The file system looks like:

- local_dir (say: "~/ray_results")
    - exp_name (say: "PPO")
        - checkpoints (say: experiment_state-2019-04-05_17-59-00.json)
        - directory (named like: PPO_cartpole_0_2019-04-05_18-28-0296h2tknq)
            - xxx.log
            - params.json
            - params.pkl (This is the file to store trained parameter, I guess?)
            - progress.csv
            - result.json

After one successful training, now we have a trained agent (Because I used one shared policy for all agent). We set the local_dir exactly the same as training. Then set the exp_name exactly as training too, namely PPO.

Now it's my problem. The tune.run function take two arguments which looks like helpful for restoring.

"resume" argument

The resume argument, once set to True, will automatically search in local_dir/exp_name/ finding the most recent experiment_state-<date_time>.json.

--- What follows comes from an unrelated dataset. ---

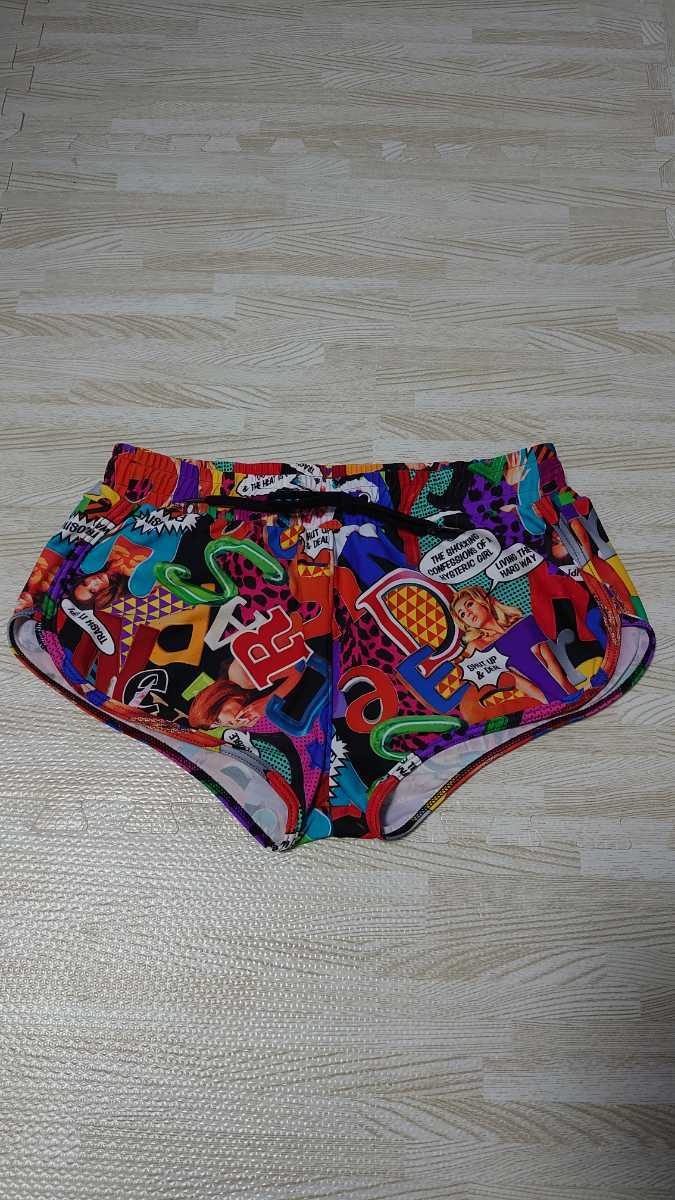  Hysteric Glamour HYSTERIC GLAMOUR hot pants short pants free shipping 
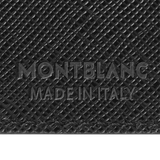 Montblanc, Sartorial, Kreditkartenetui 4cc, Schwarz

The resume work well. After setting it to true, the restoring seems to be successful, but the program immediately terminated, as if it inherit the termination states from the checkpoint.

Here's the log:

== Status ==
Using FIFO scheduling algorithm.
Resources requested: 0/12 CPUs, 0/1 GPUs
Memory usage on this node: 4.3/16.7 GB
Result logdir: /home/SENSETIME/pengzhenghao/ray_results/PPO
Number of trials: 1 ({'TERMINATED': 1})
TERMINATED trials:
 - PPO_tollgate_0:  TERMINATED, [12 CPUs, 1 GPUs], [pid=9214], 4846 s, 300 iter, 1320000 ts, 1.1e+03 rew

The printed reward is exactly what trained agent able to give, but I cannot continue to train this agent, even if I set the num_iters greater than the number of iterations in last training (namely 300).

What's more, it seems impossible using the resume argument to specify a checkpoint given the exact filename.

In a nut shell, my question on the resume argument is:

  1. What's the meaning for this argument? It seems like it's only used for restore checkpoint from unexpected failures. Therefore, it cannot be used to restore specified checkpoint. Am I correct?

"restore" argument

After setting restore=<log_dir>, namely restore="./experiments", which is my log_dir, it turn out to be an error:

Traceback (most recent call last):
  File "xxx/anaconda3/envs/dev/lib/python3.6/site-packages/ray/tune/ray_trial_executor.py", line 499, in restore
    ray.get(trial.runner.restore.remote(value))
  File "xxx/anaconda3/envs/dev/lib/python3.6/site-packages/ray/worker.py", line 2316, in get
    raise value
ray.exceptions.RayTaskError: ray_PPOAgent:restore() (pid=28099, host=g114e1900387)
  File "xxx/anaconda3/envs/dev/lib/python3.6/site-packages/ray/tune/trainable.py", line 304, in restore
    with open(checkpoint_path + ".tune_metadata", "rb") as f:
FileNotFoundError: [Errno 2] No such file or directory: './experiments.tune_metadata'

I have checked everywhere of this computer and there is no such a file ended with .tune_metadata. I am really confusing.

In short, what I am trying to do is:

  1. Restore the trained agent and continue it's training with the same config.

  2. Restore the trained agent, retrieve the Policy network, and used in the same environment with rendering, in order to visualize it's performance.

  3. Restore the trained agent as a pre-trained agent and modify the config, such as using more workers and GPU to training on cluster.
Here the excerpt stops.